To further investigate our approach, quantitative analysis was used to evaluate the quality of the generated images, as shown in Table 1. We used FID as a quantitative indicator to assess the generated color images' quality (sharpness) and color diversity. The automatic colorization model is a one-to-many transformation, where FID is used to determine the quality of the generated color images; SwishU-net without perceptual loss is abbreviated as SwishU-net-WPL. In addition, PSNR, SSIM, FSIM are used here to evaluate the performance of the three algorithms, and the best results are shown in bold. SwishU-net achieves the best performance on all metrics. SwishU-net without perceptual loss has the worst performance on all metrics, indicating that perceptual loss plays a vital role in the colorization model. The quality of the color image generated by the proposed Swish module residual enhanced network is better than the image generated by the U-net network, indicating that the Swish module residual enhanced generative model has a better coloring effect.
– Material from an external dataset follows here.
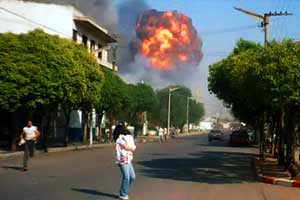 El 3 de Noviembre de 1995 Explota en la ciudad cordobesa de Ro Tercero una fbrica de armamento militar donde hubo que lamentar 7 personas muertas y ms de 300 heridos, con infinidad de casas destrudas y daadas, donde qued toda la ciudad tristemente maquillada con municiones de guerra y esquirlas propias de las tremendas explosiones del polvorn.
4.3. Algorithm Complexity Calculation

Table 2 compares the algorithmic complexity of SwishU-net and the current mainstream algorithms. All algorithms are based on python language and implemented on GPU; only 512 × 512 images are tested here. 16 parameter layers are selected for the above experiments to balance performance and computational efficiency.
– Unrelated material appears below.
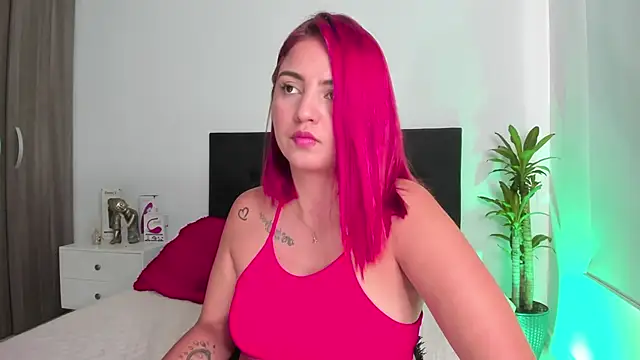 Snapshot of LaylaJewel chatting on January 15, 2025, 5:26 pm LaylaJewel online show from January 15, 2025, 5:26 pm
It can be seen that Style2paints and PaintsChainer consume much time due to the complex optimization process. At the same time, the generative network of SwishU-net reduces the running time by not using normalization layers. Despite using a lightweight framework, the average running time and the number of parameters results show that SwishU-net performs better after quantitative analysis.

5. Conclusion

It takes time and energy to color the animation sketch by manpower. As a popular color generation technology of network animation sketch, GANS has not achieved certain results in the past few years. There are some basic problems, such as color confusion, poor color gradient, unreasonable color sketch, and so on. Therefore, the GANS network based on a Swish function module proposed in this paper can better learn the details of sketch during color filling and avoid color confusion when the color exceeds the filled area. At the same time, it can directly carry out end-to-end training from animation sketch to color picture. The module can automatically color the sketch and generate color pictures with rich colors and clear textures. The experimental results show that this method has better coloring ability than the existing methods and can obtain more realistic and better visual effect color images. In the future, if there are better conditions, it will make up for the shortcomings of this paper, use the GPU with stronger performance to increase the network parameters, and expand the network scale, in order to generate higher resolution images and solve the problems of complexity and diversity. Although the U-net network structure has better generation effect than the self-encoder, it also increases the parameter quantity and complexity of the model. In the future, we will consider looking for a more suitable network structure as the discriminator model to reconstruct the image, so as to achieve better generation effects while simplifying the model.

Data Availability

The data set can be accessed upon request.

Disclosure

This paper is a research project of Philosophy and Social Sciences in Shanxi Province in 2020, the visualization research of traditional animation in information interaction from the perspective of UX. (2020W229).

Conflicts of Interest

The authors declare that there are no conflicts of interest.